Cap in hand, a boy trots after us. With uncertain voice he tells us that it is an honour to him to bear us the message that our meal is ready and awaiting our pleasure.
We retrace our steps quickly. We have eaten nothing to-day but two eggs at Andrijevica when the morning was still grey, and our mid-day meal was a capful of delicious wild strawberries gathered by our attentive escort.
We half sit, half lie on a pile of rushes over which sheepskins have been spread, and enjoy a feast of stewed lamb and onions, washed down with draughts of still warm milk. It is a long time before our smarting and watering eyes become accustomed to the penetrating smoke; but it passes,
and we recline, contented and happy, at peace with the whole world.
"Stefan, the raki," and good Stefan beams as he produces an enormous bottle of native distilled spirits. He has cheerfully carried that extra weight during our long march to-day. We fill our tin mugs to the brim, sip the contents, and pass them to Vasso and his brother.

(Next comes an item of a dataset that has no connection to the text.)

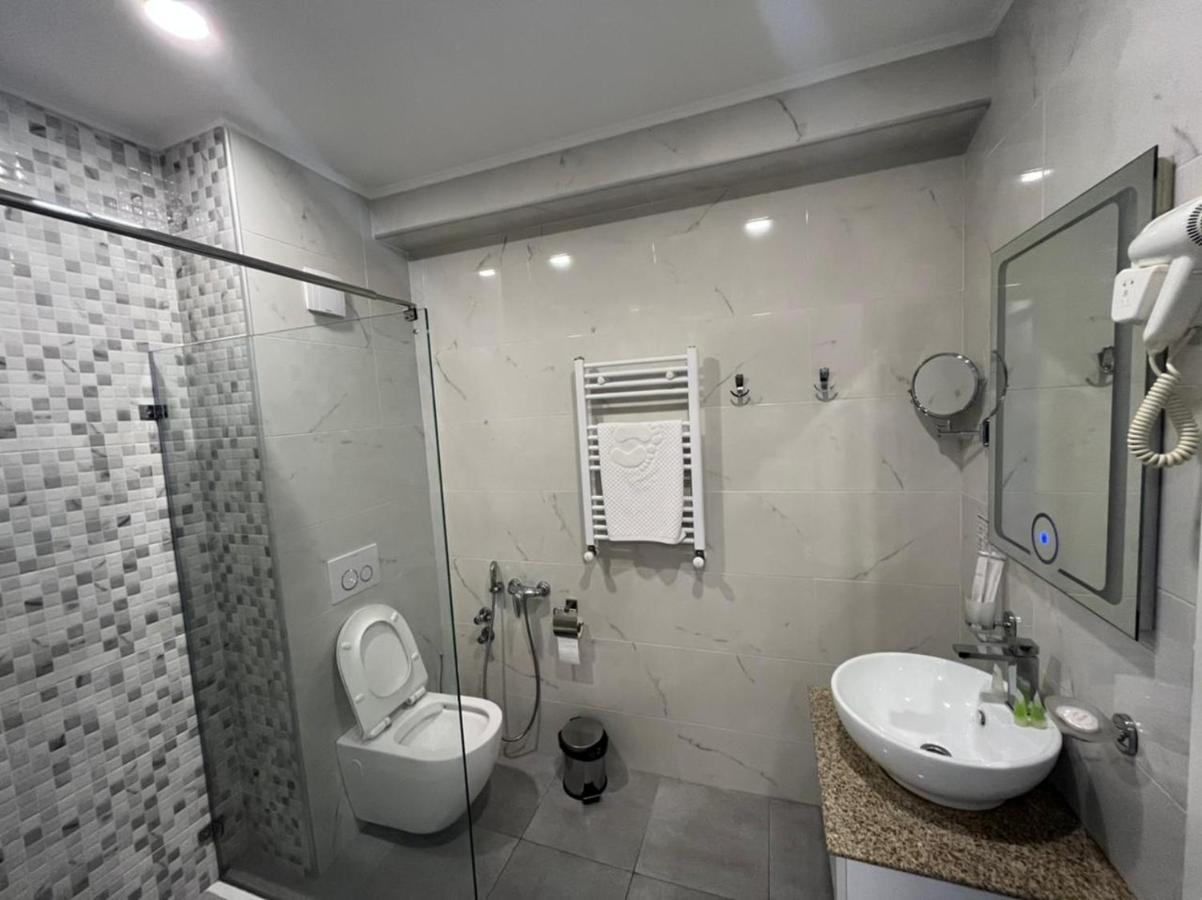 Hotel Genio Tbilissi Extérieur photo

"Health and long life!" they say to us in turn, and in a gulp the fiery spirit disappears as if it had been water.
Now other men troop in, some standing rifles in the corner, and, gravely saluting us, they squat in a ring round the fire. Coffee is brewed - an honour which we can never escape - and a tobacco-tin is handed to us. We give ours in exchange. Cigarettes are deftly rolled, and one shepherd next us rakes with his fingers a glowing ember from the fire. Handling it as if cold and dead, he lights his cigarette and passes it to us.

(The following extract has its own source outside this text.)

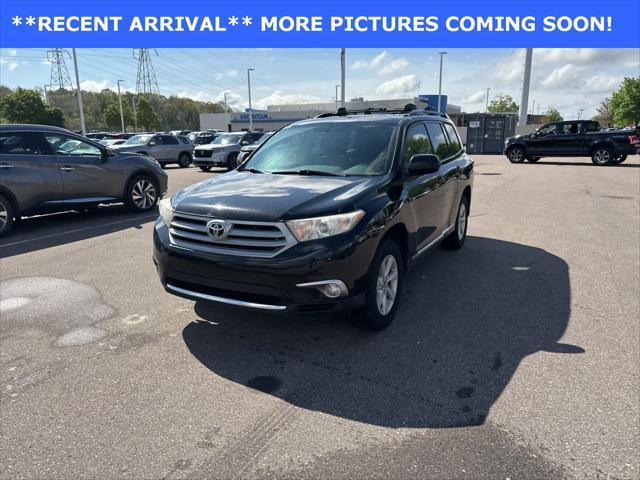 used 2012 Toyota Highlander car, priced at $7,999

We light our cigarettes from his and give it back to him, and we all touch our caps. A light must ever be acknowledged by a half military salute. The bottle is soon half empty, and we lean back lazily contemplating the firelit scene. What a subject for a painter!
The flickering flames, glinting fitfully here and there on steel revolver-barrel, throw out the massive figures of the squatting mountaineers in strong relief, and intensify the gloom beyond. All harsh lines are softened harmoniously, and the rugged but pleasant features of the men, whose serious eyes seldom leave our faces, seem more brown than ever in the ruddy glow.

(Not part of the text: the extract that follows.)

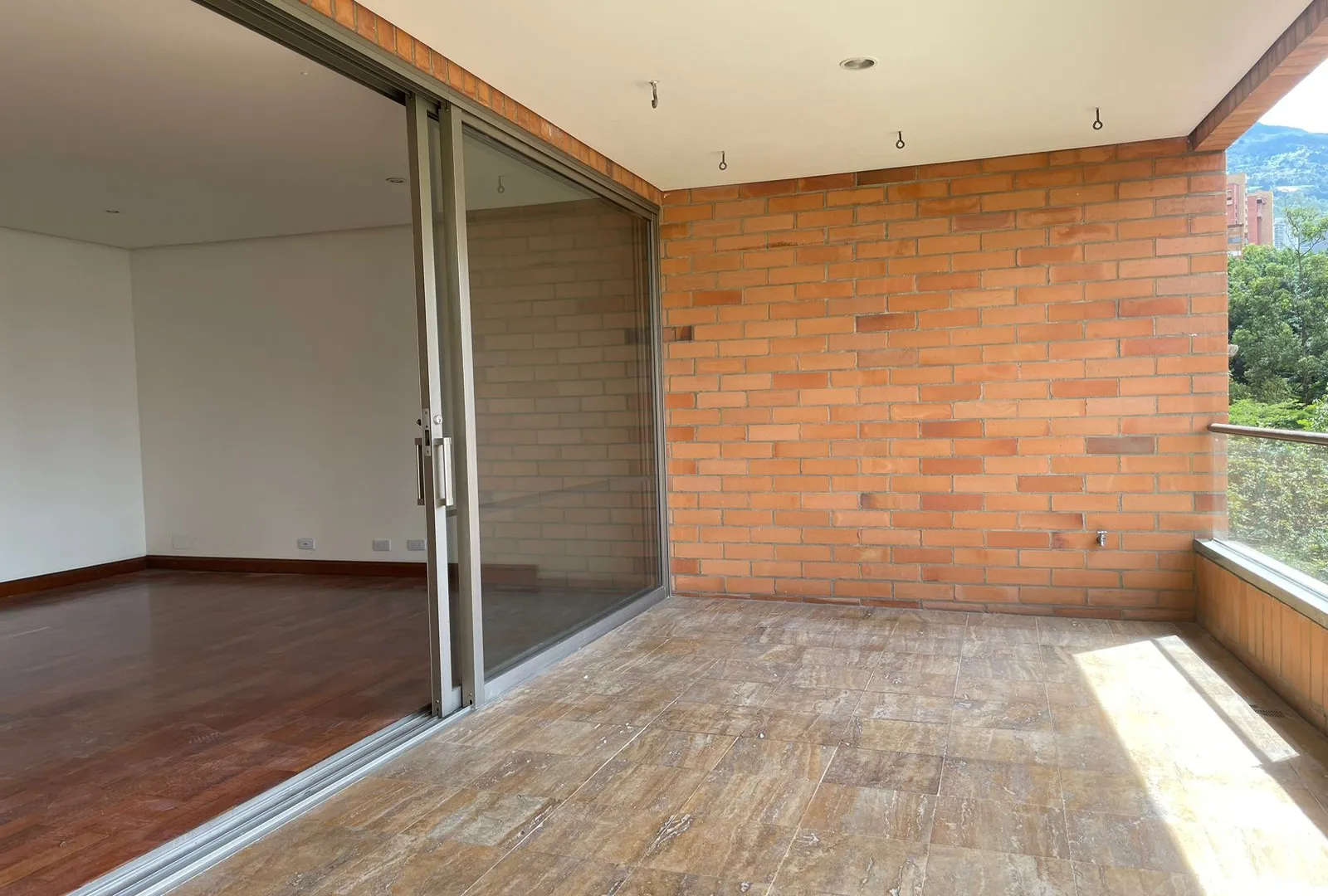 Apartamento de 3 alcobas en venta en La Florida, Medellín, 193 m² · foto 18 de 19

We talk of many things. We answer questions so childish in their simplicity that we are hard put to explain: they ask us of other lands, of our home, where weapons are never
carried except by soldiers, of houses larger even and more splendid than the Prince's modest palace in Cetinje. Mirko, that grizzled veteran in the farther corner, smoking a grimy tchibouque, a habit he has acquired from fighting the Turks when he was but a youth, never tires of telling how he once saw the Crown Prince's palace just after completion. We dare not tell them all the truth, for then they would gaze at us in pained incredulity.
We suggest a song, and a youth with clear-cut classical features rises obediently at his father's command and goes out into the night. Then a wild, weird chant of battle with the Mussulman rings out in the stilly darkness. Through the open door we can see the stars shining brightly in a cloudless heaven. The wailing notes of the war-song re-echo from the mountains, cows low, and an occasional bark proclaims that the dogs are keenly alert for the prowling wolf and marauding Albanian alike. The song ceases abruptly, and a crackle of pistol shots in the distance signifies that other listeners have heard and appreciated the warlike sentiments.
Sleep weighs down our eyelids. One by one the men leave us with a deep-toned melodious commendation to God's keeping, and we are left alone with our host and his family. We draw our coats and sheepskins o'er us, for the night will be bitterly cold, and to the carefully modulated tones of the men we drowse.
The unweaned calf in the corner moans plaintively, and then we hear
no more, and sink into the blessed, dreamless sleep of fatigue.